The chairman of one of America's financial giants called yesterday for legislation upgrading the importance of the service sector of the U.S. economy at home and abroad.
James D. Robinson III of American Express, in an address to the National Press Club, called for a review of current economic indicators to reflect the fact that the service industry now contributes two-thirds of the gross national product, and employs 70 percent of all workers. The service industry includes such fields as banking, securities, restaurants, data processing, advertising and real estate as well as government.
In a related development, American Express yesterday kicked off a campaign that ties use of its products and services to a funding drive for Mt. Vernon, the preserved home of George Washington. For the next three months, starting Feb. 1, each time an American Express card holder in the Washington area uses the card, the company will donate three cents to the historic monument. Five cents will be given when travelers checks are purchased, and $2 when a new card applicant is accepted.
In his press club speech, Robinson said the indicators--and therefore economic and monetary policy--rely too heavily on our industrial economy, the goods rather than the services. This renders them outmoded and inappropriate, Robinson said.
Legislation to make statistics more reflective of the service economy has been introduced by Sens. Larry Pressler (R-S.D.) and Daniel Inouye (D-Hawaii), and Rep. Pete Stark (D-Calif.).
Robinson also announced formation of a lobbying group called the Coalition of Service Industries. Its Washington counsel is Robert Strauss, former trade representative and Democratic committeeman.
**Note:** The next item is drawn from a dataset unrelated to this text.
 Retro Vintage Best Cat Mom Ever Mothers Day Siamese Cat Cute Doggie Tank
Robinson said last year's tax bill, with its heavy emphasis on faster depreciation, is very needed for capital-intensive industries but does little for the service sector.
The United States is a net exporter of services, Robinson recalled. Last year these amounted to at least $60 billion. They were responsible for the first overall surplus in the balance of payments since 1976. Yet the barriers to the export of U.S. services are increasing, he said. Robinson cited discriminatory regulations and/or taxes on such industries as shipping, airlines, insurance and films.
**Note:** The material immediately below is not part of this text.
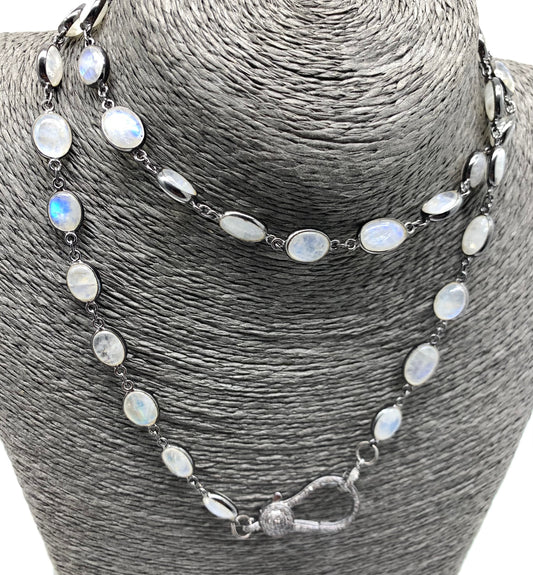 Moonstone Bezal sterling silver diamond clasp necklace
Robinson said legislation would soon be introduced by Sens. John Chafee (R-R.I.) and William Roth (R-Del.) to give services appropriate parity with manufactured goods in U.S. trade law.
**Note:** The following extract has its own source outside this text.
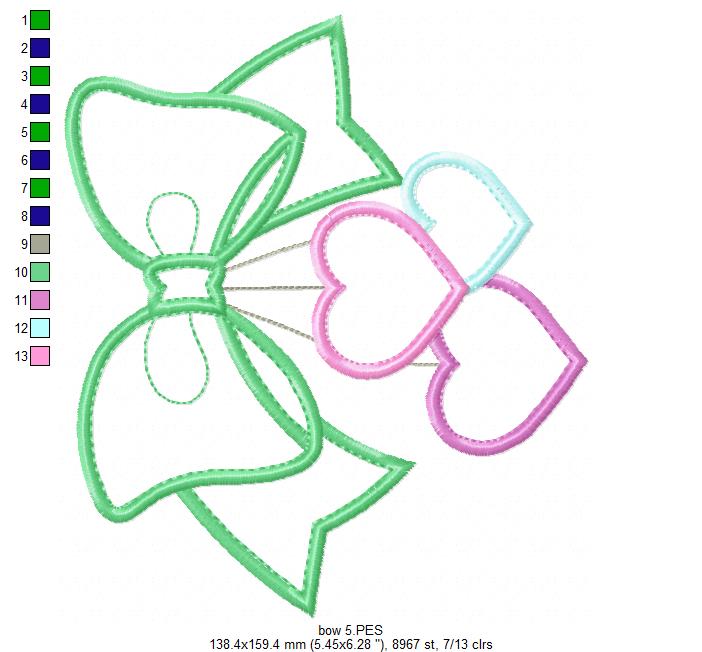 Sweet Bow with Hearts – Appliqué – Machine Embroidery Design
American Express Vice Chairman Louis V. Gerstner Jr. said yesterday he expects the promotional drive will result in more than $100,000 for Mt. Vernon, which is trying to raise $10 million. Other local companies are planning to join in the fund drive with their own contributions based on use of the American Express card at their establishments.
The good Samaritan promotion, which has a $300,000 advertising budget, is also good business. During a similar campaign in California last year, card use increased by 42 percent to 55 percent in the targeted cities, according to a spokeswoman. New card memberships increased 35 percent.
There are 325,000 American Express cardholders in the Washington area. According to the Nilson Report, a trade publication that covers the credit-card industry, the average annual amount charged on each travel and entertainment card in this region is more than $2,000. That would bring American Express' current business here to about $650 million a year before the promotion.
American Express' revenues in the first nine months of 1981 from its credit card and travelers check operations amounted to $1.6 billion. Its net income was $157 million. Worldwide its total revenues for the period were $5.2 billion; profits were $386 million.